More so than the financial aspect, it was the actions of the son that made even friends of Derek think twice and made Team Cameron recognise the seriousness of the story. Conway was a powerful person; they were nervous about dismissing him immediately, but there was no choice.

When the story first broke, they waited to see how it would evolve and how it played out on the evening broadcasts. The first editions were horrific, with further revelations of payments to family friends and news that expenses had been claimed for the family dog (RIP Mimi).

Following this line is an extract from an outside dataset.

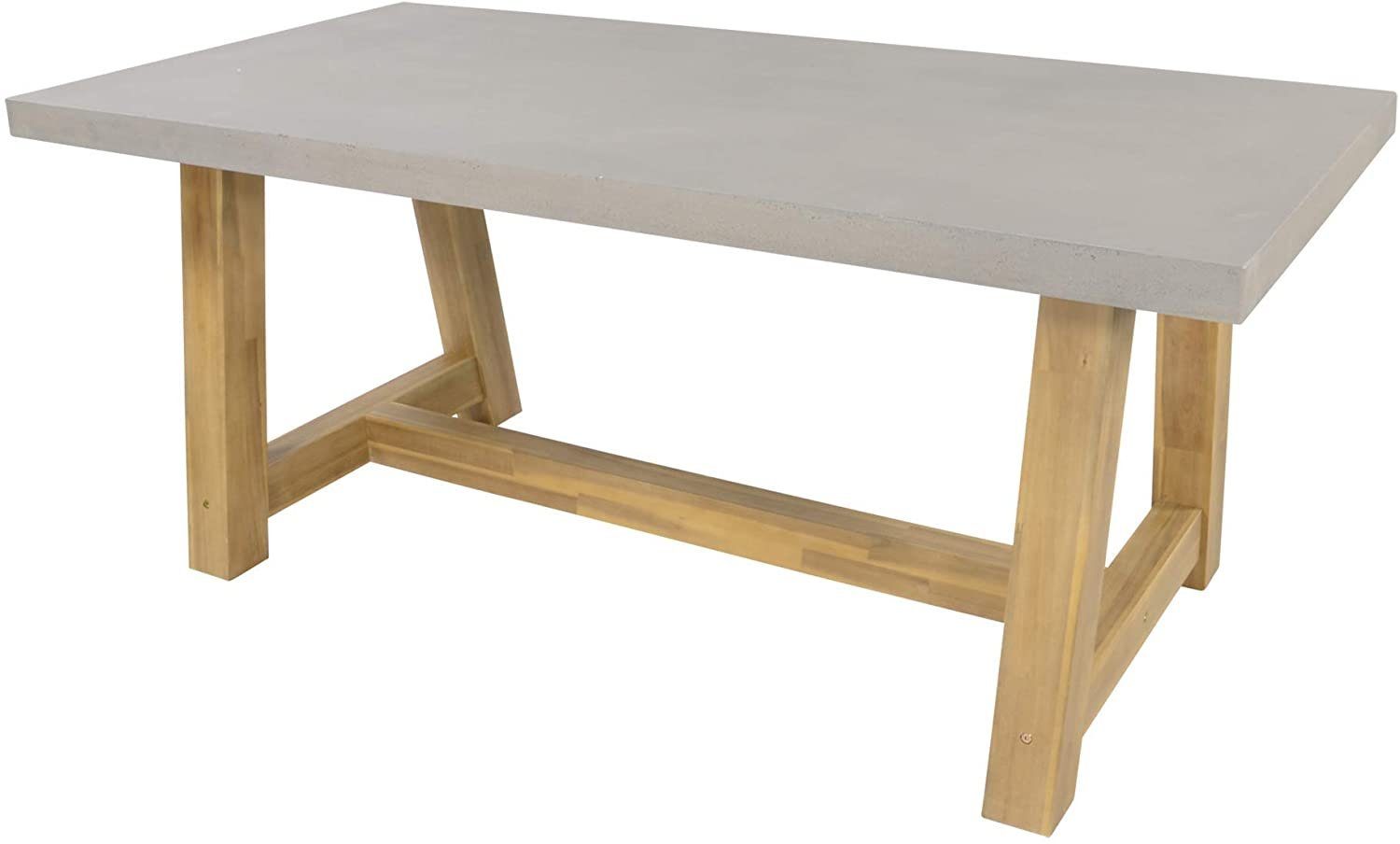 Gartentisch cm Tafel Lesli Holz Polystone Gartentisch Living 180x90x77 Akazie Esstisch Beton-Optik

This was the first 1980s-style disaster that Team Cameron has had to deal with. Yes, there was the grammar schools slip-up and a smattering of misguided local councillors in questionable fancy dress. But this was different.

Everything on which David Cameron had been working for months was now in jeopardy. OK, it wasn't going to lose the election on its own, but the game plan between now and 2010 is all about perception. Voters know who Gordon Brown is; Cameron has a relatively short time to convince them the Tories really have changed.

Everything about Conway said the opposite. One Tory press officer told me: 'You could almost feel the joy of commentators. There hasn't been a good Tory sleaze story for ages and this one had it all: MP's single-mother-of-three secretary's wages halved while louche son is snapped sporting a peacock hat.' You couldn't make it up.

After withdrawing the Whip from Conway, both sides have entered a race for ultimate transparency. Cameron pipped Brown to the post by demanding expense accounts from all MPs and details of family and friends in employment. You may also have noticed a strong Tory focus on social issues.

Sure, the family/social responsibility theme was already planned, but a round of headline-grabbing initiatives shows the desire to move on swiftly.

This week the Tories talked about 'disaffected young men', to whom Tory work and pensions secretary Chris Grayling refers as the 'Jeremy Kyle generation'. Expect more social reflection in the coming weeks.

Tara Hamilton-Miller was part of the press team at Conservative Campaign HQ from 2001 to 2006. She is now a political adviser.